You are viewing a plain text version of this content. The canonical link for it is here.
Posted to dev@httpd.apache.org by Apache Software Foundation <hu...@Apache.Org> on 2001/09/21 20:15:45 UTC

FW: Apache Optimization - Post-graduate Research

Not acked.

----- Forwarded message from Markus van Aardt <ma...@24netave.com> -----

From: Markus van Aardt <ma...@24netave.com>
To: human-response@Apache.Org
Subject: Apache Optimization - Post-graduate Research
Date: Sun, 26 Aug 2001 11:21:41 +0200

Hi

If I sent this mail to the wrong address, could you please forward it
to the appropriate address.  This message is related to optimization
issues for a post-graduate study.  This is the only address listed on
the Contacts page.

I am investigating the performance profiles of several web servers for
a post-graduate study at the University of Pretoria, South Africa.  I
have read through several performance reports, including the report
published by MindCraft, as well as the storm it stirred up.

I hoped that I could obtain sufficient information from Apache and
Linux documentation to optimize Apache to such an extend that it would
outperform all other servers, including Microsoft's IIS 5.0.
Unfortunately, the information I could gather from the Apache
Performance Notes (written by Dean Gaudet) and several other
Apache-related web sites did not improve the performance to match the
IIS's performance.

My test environment is based on bottom-end hosted server specifications:

        Pentium II 350
        64 MB RAM
        100 Mb Ethernet
        IDE HDD

        Redhat 7.1
        Apache 1.3.20

On a basic installation, with no optimization applied, I was able to
get the server to handle a load of just over 600 request per second.
After I applied the optimization recommendations, I could only get
this up to around 740-750 requests per second.  This figure is
undoubtedly quite impressive, but to my dismay, IIS could run at
around 1100-1200 requests per second.

Furthermore, it seems that their is a definate point I reached with
all my tests at 256 clients, in that the performance figures take a
serious hit and start to go down quite rapidly up to around 430
clients where it stabalises at 150 requests per second.  I could find
no clear explanation for this as there seems to be little benchmark
results available that cover performance figures for more than 500
clients.  Could you maybe advise as the reason for this.

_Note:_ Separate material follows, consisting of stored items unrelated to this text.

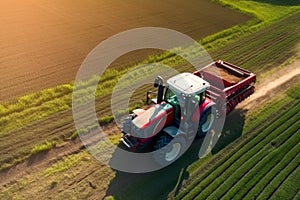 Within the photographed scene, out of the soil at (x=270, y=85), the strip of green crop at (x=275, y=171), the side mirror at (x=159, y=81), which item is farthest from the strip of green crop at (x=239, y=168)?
the side mirror at (x=159, y=81)

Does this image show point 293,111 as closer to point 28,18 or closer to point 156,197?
point 156,197

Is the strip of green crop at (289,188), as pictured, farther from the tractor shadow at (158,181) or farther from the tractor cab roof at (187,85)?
the tractor cab roof at (187,85)

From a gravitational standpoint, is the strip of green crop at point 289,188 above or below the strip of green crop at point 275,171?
below

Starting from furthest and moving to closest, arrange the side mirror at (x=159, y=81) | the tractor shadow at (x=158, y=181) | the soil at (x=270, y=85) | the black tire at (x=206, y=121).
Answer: the soil at (x=270, y=85) < the black tire at (x=206, y=121) < the side mirror at (x=159, y=81) < the tractor shadow at (x=158, y=181)

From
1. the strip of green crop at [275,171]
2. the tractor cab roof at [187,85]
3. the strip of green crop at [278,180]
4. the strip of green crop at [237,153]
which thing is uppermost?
the tractor cab roof at [187,85]

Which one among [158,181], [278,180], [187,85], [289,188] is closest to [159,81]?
[187,85]

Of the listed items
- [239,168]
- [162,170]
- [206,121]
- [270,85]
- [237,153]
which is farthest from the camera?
[270,85]

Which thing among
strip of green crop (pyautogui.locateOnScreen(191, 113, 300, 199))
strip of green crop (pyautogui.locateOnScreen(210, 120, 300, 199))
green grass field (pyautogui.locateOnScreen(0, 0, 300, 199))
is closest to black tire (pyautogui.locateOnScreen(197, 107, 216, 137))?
green grass field (pyautogui.locateOnScreen(0, 0, 300, 199))

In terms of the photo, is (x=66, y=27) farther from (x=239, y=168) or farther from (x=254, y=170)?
(x=254, y=170)
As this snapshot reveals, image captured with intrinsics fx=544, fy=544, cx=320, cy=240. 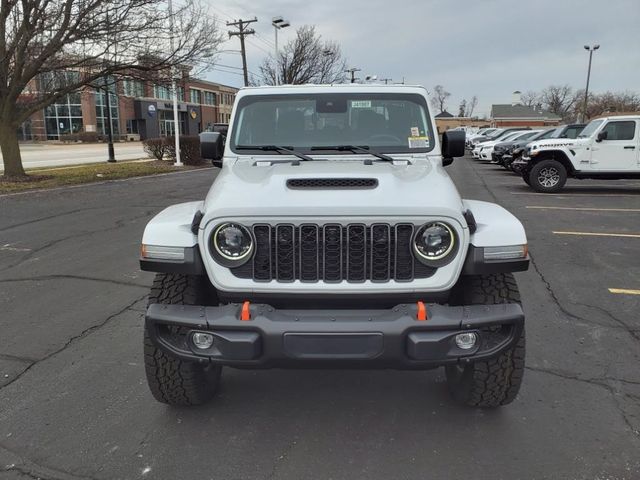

I would really like to get the server running at higher speeds, but
the performance recommendations seems to be insufficient to tune the
server beyond its current state.  Could you point me to any other
documentation or person who might assist me in this issue.  The
performance figures I obtained for this particular test was based on a
static 16K HTML file.  I am also running the tests on DSO support
through Borland's Kylix.

I appreciate the time you invested in reading this letter.

Best regards
Markus van Aardt
 

----
Solutions for the Internet - http://www.24netave.com/

With Compliments
  Markus van Aardt
  Mobile : +27.82.468.8719
  Facsimile : +27.12.346.1144
  mailto:markus@24netave.com

----- End forwarded message -----

-- 
#ken	P-)}

Ken Coar, Sanagendamgagwedweinini  http://Golux.Com/coar/
Author, developer, opinionist      http://Apache-Server.Com/

"All right everyone!  Step away from the glowing hamburger!"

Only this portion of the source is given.